According to local sales data, asking prices are frequently negotiated down by 20%; avoid this loss by keeping your home in good condition.
“Buyers are not always well informed about renovations or the costs associated with them. When they notice something wrong with the property, they will regularly want to deduct much more from your asking price than the cost of making the necessary repairs,” explains Samuel Seeff, Chairman of the Seeff Property Group, “it is not uncommon for a buyer to want to shave R50,000 to R100,000 off the asking price because, for example, the bathrooms are in poor condition.”
In this article, we touch on some critical aspects of essential home maintenance that can ultimately ensure that your original asking price is "locked down", including:
Home maintenance can seem like a daunting venture for most, and it can be challenging to know where to start. Anyone in the real estate industry can tell you that the first step is to inspect the property and scrutinise it as if you are a potential buyer. Pay special attention to the exterior and interior of the house for a thorough maintenance treatment.
We all know the saying "don't judge a book by its cover"; however, this is not always the case when someone chooses a property to rent or buy. The house's exterior needs to reflect the value of its asking price - leaving potential buyers or letters little reason to negotiate a lower amount.

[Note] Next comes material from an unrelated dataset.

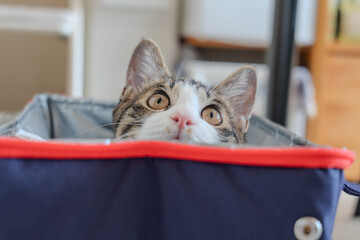 カバンと猫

Start from the outside and work your way in. What is the condition of the grounds? Are pathways cleared, leaves raked, plants watered regularly, hedges trimmed and lawn up-to-par? If there is a swimming pool, make sure it is in pristine condition and alluring. The same applies to a Jacuzzi: no cracks, no leaks, or filth.
Inspect for chips or peeling paint to cover up, make sure walls are clean and gutters are clear and unclogged.
Bins must be neat and orderly. The garage should be clean and well-organised. Nothing is more disappointing than a garage that is a "no-go" zone when prospective buyers or tenants come to see the house.
First impressions can last the longest. Consider the “viewing” experience of the prospective buyer or tenants when they first walk into the home, put yourself in their shoes. Maintain the interior of your home to ensure that you get the most out of your investment.
The house should also be cleaned entirely, particularly the bathrooms and kitchen and the closets, windows, and wall and floor tiles. Steam cleaning is required for carpets. Check that the curtain rods or rails are in good functioning condition.
Bedrooms are relatively low maintenance in comparison to bathrooms and kitchens. For bedrooms, make sure that the cupboards and shelves are in working order, with no mould, dust or grime hiding in the corners.
Bathrooms and kitchens can be more tricky. Although the same applies to the cupboards and shelving, special attention should be paid to the taps and basins - are they clean, is the water pressure adequate, and are there any leaking taps or blocked drains.
Be careful of outdated features and finishes; they impact what buyers or tenants would be willing to pay. Consider upgrading obsolete parts. It is often as simple as retiling and changing handles and fittings.
According to Seeff, you should always keep fittings, paint, and flooring neutral because tastes and points of view can differ enormously. Brightly coloured walls, tiles and detailed creative decorations may be off-putting to buyers and tenants who do not share your aesthetic tastes. When the buyer looks at it, they may think, "I'll have to paint and replace the tiles," and therefore demand a reduction in your asking price. View our Top 2022 interior decor colour trends for inspiration.
Other critical security measures that are often overlooked, but need to be maintained, involve ensuring that all doors are adequately installed and in full working order (if keys are missing, consider replacing the locks) and that the gates operate well (with extra keys and remotes available). Adequate lighting in the front and back gardens is always a bonus.
Owners should ensure their property is adequately secured and that everything is in working order - good security is a strong selling point.
Increasingly, buyers and tenants are also looking for off-the-grid features, given the electricity and water challenges. Features such as water tanks and greywater usage and alternative heating such as solar are becoming high-demand features.
When managing off-the-grid systems, ensure that everything is in complete working order, as promised to the potential buyer or tenant, and that they are well informed about how to operate these systems before moving in, including:
For many, their home is their most significant investment, and maintaining it is a must. “Property buyers and tenants generally pay more for a well-maintained home. Keeping your property in good condition underscores the integrity of your asset so that it can appreciate in value,” says Samuel Seeff.